TASK INSTRUCTIONS: Please transcribe exactly, and only, the lines of the data below between the line holding "Llisa Irregular" and the line holding "Canyon Exceed Full Carbon", inclusive.

MATERIAL PROVIDED:
◆ ◆ ◆

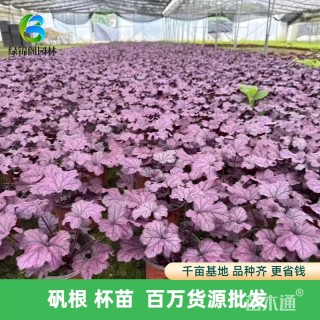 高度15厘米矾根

◆ ◆ ◆

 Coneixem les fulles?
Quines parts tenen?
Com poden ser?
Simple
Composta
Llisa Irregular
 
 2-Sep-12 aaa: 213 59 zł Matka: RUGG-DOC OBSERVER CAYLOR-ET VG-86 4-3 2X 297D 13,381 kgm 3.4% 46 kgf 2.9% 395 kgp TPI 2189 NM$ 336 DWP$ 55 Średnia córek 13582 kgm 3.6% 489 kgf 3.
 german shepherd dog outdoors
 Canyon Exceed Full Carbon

◆ ◆ ◆

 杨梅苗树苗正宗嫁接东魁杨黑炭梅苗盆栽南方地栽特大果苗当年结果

◆ ◆ ◆

FINAL ANSWER:
Llisa Irregular
 
 2-Sep-12 aaa: 213 59 zł Matka: RUGG-DOC OBSERVER CAYLOR-ET VG-86 4-3 2X 297D 13,381 kgm 3.4% 46 kgf 2.9% 395 kgp TPI 2189 NM$ 336 DWP$ 55 Średnia córek 13582 kgm 3.6% 489 kgf 3.
 german shepherd dog outdoors
 Canyon Exceed Full Carbon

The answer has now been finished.